----- Dataset entries
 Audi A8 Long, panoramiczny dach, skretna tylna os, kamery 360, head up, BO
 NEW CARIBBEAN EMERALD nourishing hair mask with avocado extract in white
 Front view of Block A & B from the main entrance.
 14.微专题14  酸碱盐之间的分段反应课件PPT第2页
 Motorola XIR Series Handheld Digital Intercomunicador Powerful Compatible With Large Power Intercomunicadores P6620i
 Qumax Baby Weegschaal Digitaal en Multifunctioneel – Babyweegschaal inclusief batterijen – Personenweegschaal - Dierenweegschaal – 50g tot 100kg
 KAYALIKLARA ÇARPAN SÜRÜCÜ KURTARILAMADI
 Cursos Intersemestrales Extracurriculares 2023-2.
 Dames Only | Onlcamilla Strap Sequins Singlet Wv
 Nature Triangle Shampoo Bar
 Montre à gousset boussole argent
----------
The problem: Repeat each of the entries exactly.

Exercise output:
 Audi A8 Long, panoramiczny dach, skretna tylna os, kamery 360, head up, BO
 NEW CARIBBEAN EMERALD nourishing hair mask with avocado extract in white
 Front view of Block A & B from the main entrance.
 14.微专题14  酸碱盐之间的分段反应课件PPT第2页
 Motorola XIR Series Handheld Digital Intercomunicador Powerful Compatible With Large Power Intercomunicadores P6620i
 Qumax Baby Weegschaal Digitaal en Multifunctioneel – Babyweegschaal inclusief batterijen – Personenweegschaal - Dierenweegschaal – 50g tot 100kg
 KAYALIKLARA ÇARPAN SÜRÜCÜ KURTARILAMADI
 Cursos Intersemestrales Extracurriculares 2023-2.
 Dames Only | Onlcamilla Strap Sequins Singlet Wv
 Nature Triangle Shampoo Bar
 Montre à gousset boussole argent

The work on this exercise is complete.